Further, resistance data were not available to assess if the virologic failures observed here were due to development of resistance. This study also does not include data on adherence to ART, which may affect virologic outcomes. However, effectiveness studies aim to estimate the performance of drugs in a real-world setting, in which adherence is imperfect and often not recorded in electronic medical records. Suboptimal adherence to ART is common, being reported by close to 40% of PLWH in > 26 countries, and is strongly associated with the risk of virologic failure [22]. STRs can improve adherence [23], and availability of DTG- and EVG-based STRs may in part explain the favourable virologic outcomes observed with these agents. Lack of resistance or adherence data are not thought be a significant limitation of this analysis. While having these data would have been useful for understanding why patients experienced virologic failure, the observation that the risk of virologic failure differed between groups remains of clinical interest regardless of the cause.

Of note, the assessment of viral load in routine clinical practice is much more variable and is typically performed less frequently than in clinical trials where viral load is often assessed monthly. This may have implications for assessing time to viral suppression or time to virologic failure in real-world data. In addition, estimates of the proportions of PLWH who achieved suppression or experienced virologic failure do not consider differences in follow-up time as would estimates of rates. However, no differences were observed in duration of follow-up and time to failure between groups. Finally, the newest INSTI, Bictegravir, had not yet been approved at the time of this study and was therefore not included as a comparator in this analysis.

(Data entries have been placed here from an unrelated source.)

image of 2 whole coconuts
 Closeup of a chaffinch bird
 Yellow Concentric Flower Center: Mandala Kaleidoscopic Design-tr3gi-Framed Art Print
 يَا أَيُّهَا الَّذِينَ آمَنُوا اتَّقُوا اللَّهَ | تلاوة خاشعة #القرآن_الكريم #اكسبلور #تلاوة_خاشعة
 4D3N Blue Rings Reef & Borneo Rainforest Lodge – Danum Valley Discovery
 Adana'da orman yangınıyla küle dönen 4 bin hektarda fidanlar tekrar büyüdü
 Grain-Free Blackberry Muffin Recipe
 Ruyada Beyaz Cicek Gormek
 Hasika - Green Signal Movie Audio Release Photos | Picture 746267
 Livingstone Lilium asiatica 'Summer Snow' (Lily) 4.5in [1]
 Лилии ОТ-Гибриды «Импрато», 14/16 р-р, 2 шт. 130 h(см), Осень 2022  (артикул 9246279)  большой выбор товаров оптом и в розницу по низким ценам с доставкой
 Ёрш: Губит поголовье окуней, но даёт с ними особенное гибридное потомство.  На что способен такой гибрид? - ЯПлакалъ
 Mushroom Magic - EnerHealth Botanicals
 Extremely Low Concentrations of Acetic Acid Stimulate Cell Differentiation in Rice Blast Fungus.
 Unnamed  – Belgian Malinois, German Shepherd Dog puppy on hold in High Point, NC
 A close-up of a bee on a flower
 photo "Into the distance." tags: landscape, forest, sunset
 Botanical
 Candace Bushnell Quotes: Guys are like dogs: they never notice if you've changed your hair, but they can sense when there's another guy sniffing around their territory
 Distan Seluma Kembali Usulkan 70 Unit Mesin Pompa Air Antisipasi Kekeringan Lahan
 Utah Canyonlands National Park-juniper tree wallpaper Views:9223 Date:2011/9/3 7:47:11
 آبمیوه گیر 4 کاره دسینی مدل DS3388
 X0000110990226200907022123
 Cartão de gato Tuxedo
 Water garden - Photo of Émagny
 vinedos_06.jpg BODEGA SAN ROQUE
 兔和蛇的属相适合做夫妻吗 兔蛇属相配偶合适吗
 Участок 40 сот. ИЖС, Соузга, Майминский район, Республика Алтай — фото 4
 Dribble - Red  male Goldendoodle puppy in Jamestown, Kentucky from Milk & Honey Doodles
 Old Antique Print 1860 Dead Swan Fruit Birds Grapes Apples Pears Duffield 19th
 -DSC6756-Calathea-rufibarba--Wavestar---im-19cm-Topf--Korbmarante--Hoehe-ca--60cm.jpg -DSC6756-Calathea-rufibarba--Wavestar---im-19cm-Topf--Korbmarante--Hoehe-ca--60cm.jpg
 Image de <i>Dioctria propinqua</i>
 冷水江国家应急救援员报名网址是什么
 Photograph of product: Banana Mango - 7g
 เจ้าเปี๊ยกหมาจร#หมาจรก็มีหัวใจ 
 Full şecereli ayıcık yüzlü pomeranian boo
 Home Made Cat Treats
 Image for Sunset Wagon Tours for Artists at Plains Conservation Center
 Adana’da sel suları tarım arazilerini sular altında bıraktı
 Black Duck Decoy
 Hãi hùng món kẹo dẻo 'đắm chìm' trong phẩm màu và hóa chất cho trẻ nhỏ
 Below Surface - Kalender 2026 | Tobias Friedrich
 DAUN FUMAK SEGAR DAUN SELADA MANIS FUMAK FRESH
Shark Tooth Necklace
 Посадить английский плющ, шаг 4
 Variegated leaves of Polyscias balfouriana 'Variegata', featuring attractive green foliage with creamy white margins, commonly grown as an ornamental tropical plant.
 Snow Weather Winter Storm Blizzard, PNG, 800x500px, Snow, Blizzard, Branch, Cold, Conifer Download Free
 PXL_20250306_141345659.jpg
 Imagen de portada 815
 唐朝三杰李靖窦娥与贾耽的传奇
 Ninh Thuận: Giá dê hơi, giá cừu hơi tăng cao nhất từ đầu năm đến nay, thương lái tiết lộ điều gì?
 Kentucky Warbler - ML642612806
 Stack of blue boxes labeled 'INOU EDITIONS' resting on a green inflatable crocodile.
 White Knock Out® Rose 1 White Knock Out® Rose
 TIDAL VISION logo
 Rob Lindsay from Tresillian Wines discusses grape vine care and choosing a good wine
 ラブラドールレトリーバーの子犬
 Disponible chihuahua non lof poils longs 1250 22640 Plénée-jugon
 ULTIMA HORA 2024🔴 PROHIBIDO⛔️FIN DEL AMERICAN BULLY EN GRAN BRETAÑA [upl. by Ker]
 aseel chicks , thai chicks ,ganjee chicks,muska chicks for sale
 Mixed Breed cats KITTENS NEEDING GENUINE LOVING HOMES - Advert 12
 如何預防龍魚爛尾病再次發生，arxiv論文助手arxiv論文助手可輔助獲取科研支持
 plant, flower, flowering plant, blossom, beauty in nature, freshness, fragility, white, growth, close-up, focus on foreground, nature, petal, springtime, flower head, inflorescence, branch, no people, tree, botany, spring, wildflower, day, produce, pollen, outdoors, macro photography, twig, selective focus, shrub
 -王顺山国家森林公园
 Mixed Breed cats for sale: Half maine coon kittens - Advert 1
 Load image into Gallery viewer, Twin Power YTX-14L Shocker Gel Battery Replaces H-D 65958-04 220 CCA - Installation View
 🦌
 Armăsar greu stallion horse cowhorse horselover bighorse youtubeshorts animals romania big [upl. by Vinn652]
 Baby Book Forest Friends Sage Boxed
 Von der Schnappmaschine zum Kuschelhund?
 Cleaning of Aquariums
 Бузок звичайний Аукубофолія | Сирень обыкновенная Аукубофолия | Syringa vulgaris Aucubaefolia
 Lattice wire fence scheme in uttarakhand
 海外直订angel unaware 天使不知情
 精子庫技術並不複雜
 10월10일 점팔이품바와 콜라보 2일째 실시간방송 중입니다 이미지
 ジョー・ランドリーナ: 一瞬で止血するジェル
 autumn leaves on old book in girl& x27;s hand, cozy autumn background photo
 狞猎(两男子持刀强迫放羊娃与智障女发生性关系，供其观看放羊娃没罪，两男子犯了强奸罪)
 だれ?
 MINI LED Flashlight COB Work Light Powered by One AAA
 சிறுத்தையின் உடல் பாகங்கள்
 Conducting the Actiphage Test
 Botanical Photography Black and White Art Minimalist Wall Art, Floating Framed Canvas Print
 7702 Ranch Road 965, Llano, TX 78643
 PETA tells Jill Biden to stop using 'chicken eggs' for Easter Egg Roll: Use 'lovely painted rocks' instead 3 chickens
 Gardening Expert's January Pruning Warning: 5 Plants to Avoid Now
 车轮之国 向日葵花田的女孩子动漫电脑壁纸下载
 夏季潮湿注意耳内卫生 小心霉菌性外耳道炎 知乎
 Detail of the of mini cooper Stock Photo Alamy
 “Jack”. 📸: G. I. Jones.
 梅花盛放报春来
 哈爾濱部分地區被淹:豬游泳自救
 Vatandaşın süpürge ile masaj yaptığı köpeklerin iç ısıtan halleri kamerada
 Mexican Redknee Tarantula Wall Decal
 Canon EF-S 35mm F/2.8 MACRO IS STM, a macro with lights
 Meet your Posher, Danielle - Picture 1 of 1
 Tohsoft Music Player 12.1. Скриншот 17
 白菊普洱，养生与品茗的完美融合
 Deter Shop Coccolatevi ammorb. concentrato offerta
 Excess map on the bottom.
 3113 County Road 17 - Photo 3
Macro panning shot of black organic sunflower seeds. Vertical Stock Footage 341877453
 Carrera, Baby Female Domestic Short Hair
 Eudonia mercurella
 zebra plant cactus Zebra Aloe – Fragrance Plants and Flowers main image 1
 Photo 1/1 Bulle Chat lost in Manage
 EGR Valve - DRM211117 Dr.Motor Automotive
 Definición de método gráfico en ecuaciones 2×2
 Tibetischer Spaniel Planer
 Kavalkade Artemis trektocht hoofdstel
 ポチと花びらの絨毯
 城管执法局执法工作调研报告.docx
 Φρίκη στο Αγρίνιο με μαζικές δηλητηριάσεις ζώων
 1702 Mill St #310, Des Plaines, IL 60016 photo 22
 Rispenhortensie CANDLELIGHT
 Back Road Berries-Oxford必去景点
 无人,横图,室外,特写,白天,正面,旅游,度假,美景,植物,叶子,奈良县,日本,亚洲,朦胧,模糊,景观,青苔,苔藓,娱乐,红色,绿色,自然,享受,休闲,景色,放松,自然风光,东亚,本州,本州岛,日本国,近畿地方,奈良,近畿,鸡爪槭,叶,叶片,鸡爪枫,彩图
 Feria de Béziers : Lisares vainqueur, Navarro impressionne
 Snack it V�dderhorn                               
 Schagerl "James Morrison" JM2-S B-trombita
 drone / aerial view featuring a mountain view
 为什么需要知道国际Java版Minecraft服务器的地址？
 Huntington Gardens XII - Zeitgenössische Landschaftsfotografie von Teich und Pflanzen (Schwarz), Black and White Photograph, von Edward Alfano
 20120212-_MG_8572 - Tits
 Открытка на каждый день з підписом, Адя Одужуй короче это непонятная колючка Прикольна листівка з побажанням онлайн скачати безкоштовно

Strengths of this study include the large sample size and the wide representation of PLWH in care across the US, due to the inclusion of PLWH in the OPERA cohort from both small rural clinics and from large urban centres, meaning that this study is highly representative of the real-world HIV epidemic in the US. Indeed, the OPERA cohort includes approximately 7% of PLWH in care in the US, with over 80,000 PLWH at the time of this study. In addition, the use of electronic medical records allowed access to extensive clinical and laboratory information and is reflective of real-world clinical practice.

Conclusions

This study demonstrates that, in ART-naïve PLWH with varying characteristics, DTG performed better than RAL and DRV, and comparably to EVG, in terms of virologic outcomes. While baseline clinical characteristics were similar for DTG and EVG, differences in baseline clinical characteristics may have impacted the performance of RAL and DRV compared to DTG.